Exercise directions:
Across the records below, report how many lines include the word "Apartamento", stating the number alone.

╭─ Input

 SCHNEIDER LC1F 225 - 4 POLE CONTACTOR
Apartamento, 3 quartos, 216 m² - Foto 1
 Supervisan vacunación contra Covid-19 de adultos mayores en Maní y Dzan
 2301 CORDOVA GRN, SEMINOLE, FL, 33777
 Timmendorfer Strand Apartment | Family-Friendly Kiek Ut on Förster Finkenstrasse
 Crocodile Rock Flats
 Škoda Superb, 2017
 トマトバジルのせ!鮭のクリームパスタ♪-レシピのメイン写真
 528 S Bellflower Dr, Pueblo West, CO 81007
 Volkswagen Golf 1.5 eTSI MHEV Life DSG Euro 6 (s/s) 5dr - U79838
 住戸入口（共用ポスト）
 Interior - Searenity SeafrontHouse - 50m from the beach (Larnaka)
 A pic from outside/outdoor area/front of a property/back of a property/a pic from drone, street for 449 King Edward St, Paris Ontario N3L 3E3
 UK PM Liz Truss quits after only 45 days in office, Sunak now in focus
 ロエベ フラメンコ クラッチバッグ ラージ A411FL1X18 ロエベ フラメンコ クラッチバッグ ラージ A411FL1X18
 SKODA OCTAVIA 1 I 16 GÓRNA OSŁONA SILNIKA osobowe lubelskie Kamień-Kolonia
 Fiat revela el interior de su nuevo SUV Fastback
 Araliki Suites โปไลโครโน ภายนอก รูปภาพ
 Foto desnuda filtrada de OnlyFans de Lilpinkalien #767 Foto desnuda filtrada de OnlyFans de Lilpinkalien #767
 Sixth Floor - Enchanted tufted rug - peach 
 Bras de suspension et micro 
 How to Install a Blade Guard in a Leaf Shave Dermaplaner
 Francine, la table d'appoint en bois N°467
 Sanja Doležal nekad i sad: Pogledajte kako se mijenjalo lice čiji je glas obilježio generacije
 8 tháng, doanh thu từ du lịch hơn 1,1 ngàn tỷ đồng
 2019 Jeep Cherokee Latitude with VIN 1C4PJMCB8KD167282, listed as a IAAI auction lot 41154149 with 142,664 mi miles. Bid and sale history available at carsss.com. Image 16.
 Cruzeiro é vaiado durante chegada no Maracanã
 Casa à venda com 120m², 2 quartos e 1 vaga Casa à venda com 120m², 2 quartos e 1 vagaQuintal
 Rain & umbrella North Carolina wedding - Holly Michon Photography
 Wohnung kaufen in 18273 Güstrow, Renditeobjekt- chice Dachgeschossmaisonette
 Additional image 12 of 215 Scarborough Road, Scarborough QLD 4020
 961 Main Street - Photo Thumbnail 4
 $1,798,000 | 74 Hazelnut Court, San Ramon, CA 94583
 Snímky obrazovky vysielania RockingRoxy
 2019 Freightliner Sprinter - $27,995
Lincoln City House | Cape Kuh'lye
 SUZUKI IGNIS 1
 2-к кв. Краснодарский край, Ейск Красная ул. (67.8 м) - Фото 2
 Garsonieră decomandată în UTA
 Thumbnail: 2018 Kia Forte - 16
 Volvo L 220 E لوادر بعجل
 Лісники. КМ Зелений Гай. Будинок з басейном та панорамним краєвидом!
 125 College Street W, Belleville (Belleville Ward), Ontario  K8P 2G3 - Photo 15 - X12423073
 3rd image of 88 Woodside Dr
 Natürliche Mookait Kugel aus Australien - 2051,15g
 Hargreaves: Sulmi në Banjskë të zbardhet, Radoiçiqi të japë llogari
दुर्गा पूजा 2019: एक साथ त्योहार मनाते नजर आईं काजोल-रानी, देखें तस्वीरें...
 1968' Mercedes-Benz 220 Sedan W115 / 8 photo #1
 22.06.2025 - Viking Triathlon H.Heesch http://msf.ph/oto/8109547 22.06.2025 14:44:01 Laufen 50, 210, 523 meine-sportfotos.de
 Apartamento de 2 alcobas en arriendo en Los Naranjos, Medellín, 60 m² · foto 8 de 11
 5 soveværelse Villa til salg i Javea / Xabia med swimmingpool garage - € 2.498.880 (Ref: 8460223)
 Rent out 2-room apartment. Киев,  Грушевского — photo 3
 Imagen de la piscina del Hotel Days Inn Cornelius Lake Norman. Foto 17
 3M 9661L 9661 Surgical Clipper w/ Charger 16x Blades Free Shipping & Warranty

╰─

Solution for this problem:
2